Olly is also quite stubborn..heh. "Bedtime now.". "Na.". "Now, chap..look, everyone else is asleep. Time to get your noggin down.".."na! *raspberry*".
"Go to sleep, you little bu**er, or I'll have your nose and give to to the cat."...that usually does it, with a lot of giggling. For now.
I've had some people tell me off and call me an awful parent (supermarkets in particular are good for this):
"Isabel, if you don't stop arsing about RIGHT NOW, I shall tie you to the roof rack."
"You want what? That? Hell no. No, don't strop. NO. Look, I found something you can have. It's a large bowl of STFU."
"If you don't stand still, I'll nail your feet to the floor, my girl."
"Really? I'm a stinky arse am I? Well you..you are..a furry cat bottom. Oh yes you are."
One from yesterday that made my mum gasp.."No, Oliver..we don't hit people with toy cars...we use baseball bats. MUCH more effective!" (as if at 18m he has any clue about what I just said FFS!)

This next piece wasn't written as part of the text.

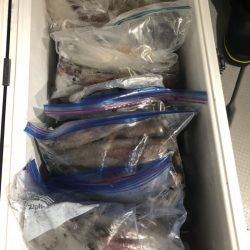 遊漁船メテオ 釣果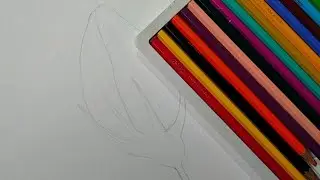 flower bud very easy drawing|colour- Dom's colour pencil.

People just don't get my sense of humour..my kids do. As does my missus. I had a woman tell me off in front of them - "you are a HORRIBLE person, and I should report you". I looked at Izz and Olly, and said "And that kids, is what we call a grumpy old bat. Some people have no sense of humour."
I'm looking forward to Oll starting Nursery next month - he's got his mother's favourite curse down to a tee. If he drops something, or we do, all you hear is "Oh, t1ts."

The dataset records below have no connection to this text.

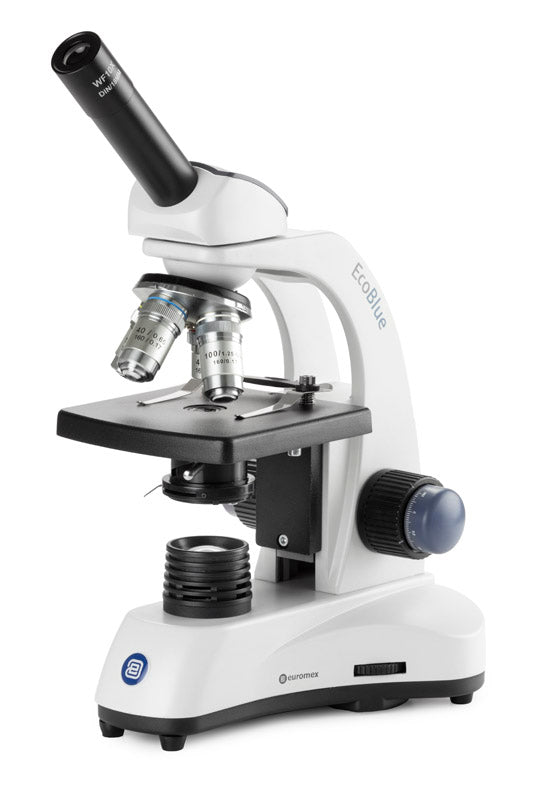 Microscopio Monocular Euromex EcoBlue, 4x-100x Oil y LED de 1W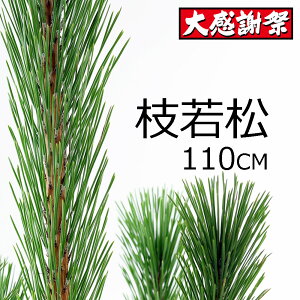 �y�y�V���ӍՃ|�C���g�A�b�v���N�[�|���z�}�ᏼ ���� 2L �����i 115cm�O�� 1�{ ������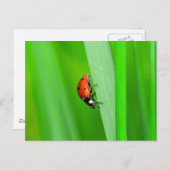 Ladybird Briefkaart (Voorkant / Achterkant)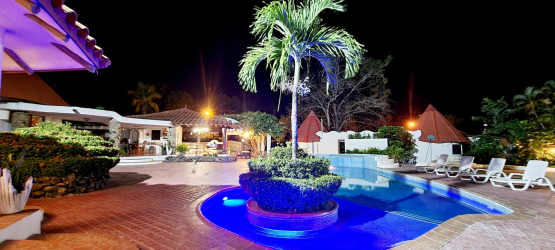 Night-lit tropical swimming pool palm trees loungers at private beach villa Panama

I think @Sirbendy has this parenting gig nailed - I'm going to remember this for my future...
If only I could use that at work without getting fired...
Originally Posted by Sirbendy
That's just the thing, out in the street if people don't know you and they hear something like @Sirbendy says then people do think the worst.
I have a similar sense of humour by the sounds of it and when I was looking after my niece and nephew, I took them out to the park. A passer by didn't hear all of my conversation with them both and only caught the end of it and started having a go at me.
I have a straightforward approach with my kids, and hope they grow up with one too. I'm not as direct as my missus, but it's close sometimes..heh.
"Mummy, why is that man talking on a telephone and driving?"
"Because he's a willyhead.".
Van pulls up ahead, man gets out to go into a shop. Daughter looks at the man - "You're being a willyhead. You DON'T use a telephone and drive, that's silly."
Why do people feel the need in interfere in other people's lives?
Originally Posted by hardtailstar
I remember the guy who told his kids that every time the little red light came on it showed that Santa was looking and checking they were being good
you know - the little red light on the burglar alarm detector
Awesome - evil - but also awesome
@Sirbendy - You have my utmost respect. I SO want to meet your kids. You know they're gonna grow up with their heads screwed on the right way. :rockon:
Tiny man (18m) made me chuckle over breakfast this AM.
"Oll, what noise does a sheep make?"
"What about a Cow?"
"Hmm. Moo, not boo..but not bad."
"What noise do..guinea pigs make?"
"Spot on. What noise does mummy make?"
*spat milk across the worksurface, while the missus creased.*
He's got her down to a tee.
I've seen this meme a few times and I always get a bit teary at the thoughtful Halloween dad. The WiFi password thing is genius - I'll defo be using this. I fully expect to see myself turn up on one of these memes at some point in the future when someone takes a picture of myself and the future sproglets doing our food shopping in princess costumes...
Is that you in a princess costume [as well as the kids] or just the kids [with you there as well]?